At the high school level, City Year focuses primarily on freshman and sophomore students. At Santee, there are 16 corps members for about 1,000 students spread over both grades.
City Year mentors provide tutoring, hold report card conferences each midterm and host educational fairs throughout the school year. The extra attention and support are invaluable not only to students but to teachers, Zeccola said.
"Oh, for sure, I wish I had them in my classes before," he said of corps members. "This is another person that cares about them [students]; it's not a teacher, not a counselor. It's another shot for students to connect."
That connection begins every morning at 7:10 a.m.
On a recent weekday, 16 City Year corps members formed two lines inside the school's entrance, where they greeted arriving students with a morning pep rally aimed to motivate them for the day. "P-O-W-E-R! We got the power 'cause we are Santee!" they chanted, shoulders shaking, fists pumping.
Some students tuned out the chants with earphones. Others smiled. Few joined in the fun.
Santee's instructional specialist, Marissa Martinez, said younger students tend to participate in the rallies more often than older ones, a trend she noticed while teaching at Hollenbeck Middle School in Boyle Heights. When Martinez left the school two years ago, she vowed to bring City Year to Santee.
Having a mentor in a young student's life can make a big difference, she said.
"Last year, you ask a student what they can do when they're failing, and they would say, 'Try harder,'" Martinez recalled. "Now, they know they have City Year. They have that support."
About 90 percent of teachers in participating schools agree City Corps members were instrumental in improving students' academic success. By targeting students at a younger age, Santee's administrators are hopeful the school's graduation rate will surpass the usual 50 percent.
The mentoring program — paid for by private, local and federal funding — will cost Santee roughly $95,000 this year. Costs vary at each school, said Andrew Glazier, managing director of program and service for City Year Los Angeles.

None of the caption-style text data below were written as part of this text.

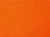 Hobbyfilt - Ark 42X60 Cm - Tykkelse 3 Mm - Orange - 1 Ark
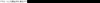 ��ӦCBB61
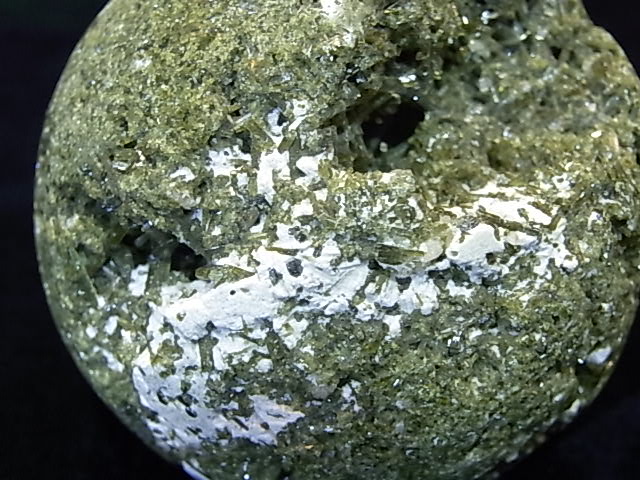 CA00069K�����ԥɡ��ȡ��ݶ̡��ڥ롼��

Martinez said City Year volunteers aren't meant to replace teachers. Instead, they serve as links to bridge the educational gap faced by students who may struggle to get help with schoolwork at home because of language barriers or socioeconomic reasons.
Early intervention is crucial to graduating, Martinez said.
It shows in students like 15-year-old Brandon Sanchez. Last year, he made a C in English and an F in geometry. It wasn't the example he wanted to set for his younger brothers. The grades worried his mother, who was raising three sons alone.
"I didn't have anyone to help me," Brandon recalled. "My mom works, and she doesn't understand geometry. She would cry. It strained our relationship."
Then, Brandon paired with 23-year-old Vladimir Dinolov, a corps member and Florida State University graduate. At Santee and other schools, each City Year member has a focus group of about 10 students, who receive in-class and after-school tutoring.
Now Brandon has a B in geometry.
"He comes to after-school tutoring every day. He has the traits of an ideal student," Dinolov said. "Now he helps me tutor other students. This is by far the most transformative experience."
Zeccola has witnessed the shift since the school year's start. He's grouped desks so that students can sit closer to their City Year leaders, UC Berkeley graduate Brian Lu and University of Albany alumna Shelby Quackenbush, both 22 years old.
He said he wished that corps members were in all of his classes when he started teaching in L.A. Unified six years ago. Zeccola, Quackenbush and Lu exchange daily text messages about the students' performance.
"Brian and Shelby developed relationships with the kids to make them try," Zeccola said. "Once a student knows adults are talking about them, it gets easier. They want to try because someone cares about them."
The City Year mentoring program is intended to run for one school year. But it is renewable and will return to Santee next year, with a new group of mentors.